Statistics are often taught in school by and for people who like Mathematics. As a consequence, in those class emphasis is put on leaning equations, solving calculus problems and creating mathematics models instead of building an intuition for probabilistic problems. But, if you read this, you know a bit of R programming and have access to a computer that is really good at computing stuff! So let’s learn how we can tackle useful statistic problems by writing simple R query and how to think in probabilistic terms.
Until now, we used random variable simulation and bootstrapping to test hypothesis and compute statistics of a single sample. In today’s set, we’ll learn how to use permutation to test hypothesis about two different samples and how to adapt bootstrapping to this situation.
Answers to the exercises are available here.
- Generate 500 points from a beta distribution of parameter a=2 and b=1.5, then store the result in a vector named beta1.
- Generate 500 points from the same distribution and store those points in a vector named beta2.
- Concatenate both vectors to create a vector called beta.data.
- Plot the ecdf of beta1 and beta2.
- Sample 500 points from beta.data and plot the ecdf of this sample. Repeat this process 5 times.
- Does all those samples share the same distribution and if the answer is yes, what is the distribution?
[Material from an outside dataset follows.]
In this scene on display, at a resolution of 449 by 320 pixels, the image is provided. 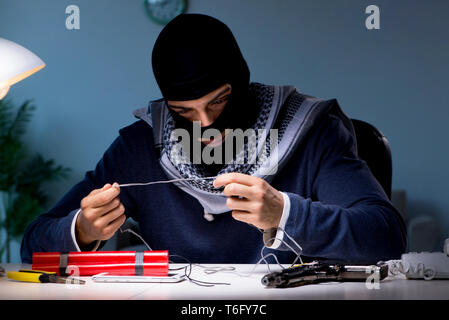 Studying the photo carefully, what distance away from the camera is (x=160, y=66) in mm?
1577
When we test an hypothesis, we suppose that this hypothesis is true, we simulate what would happen if that’s the case and if our initial observation happen less that α percent of the time we reject the hypothesis. Now, from the first exercise, we know that if two samples share the same distribution, we can assume that any sample drawn from those samples will follow the same distribution. In particular, if we shuffle the observations from a sample of size n1 and those of a sample of size n2, shuffle them and draw two new samples of size n1 and n2, they all should have a similar CDF. We can use this fact to test the hypothesis that two samples have the same distribution. This is process is called a permutation test.
Load this dataset where each column represents a variable and we want to know if they are identically distributed. Each exercise below follow a step of a permutation test.
- What are the null and alternative hypotheses for this test?
- Concatenate both samples into a new vector called data.ex.2.
- Write a function that take data.ex.2 and the size of both sample as arguments, create a temporary vector by permuting data.ex.2 and return two new samples. The first sample has the same number of observations than the first column of the dataset, the second is made from the rest of the observations. Name this function permutation.sample (we will used it in the next exercise.) Why do we want the function to return samples of those size?
- Plot the ECDF of both initial variables in black.
- Use the function permutation.sample 100 times to generate permuted samples, then compute the ECDF of those samples and add the plot of those curve to the previous plot. Use the color red for the first batch of samples and green for the second batch.
- By looking at the plot, can you tell if the null hypothesis is true?
A business analyst think that the daily returns of the apple stocks follow a normal distribution with mean of 0 and a standard deviation of 0.1. Use this dataset of the daily return of those stocks for the last 10 years to test this hypothesis.
Permutation test can help us verify if two samples come from the same distribution, but if this is true, we can conclude that both sample share the same statistics. As a consequence permutation test can also be used to test if statistic of two sample are the same. One really useful application of this is to test if two mean are the same or significantly different (as you have probably realized by now, statistician are obsessed with mean and love to spend time studying it!). In this situation, the question is to determine if the difference of mean in two sample are random or a consequence of a difference of distribution.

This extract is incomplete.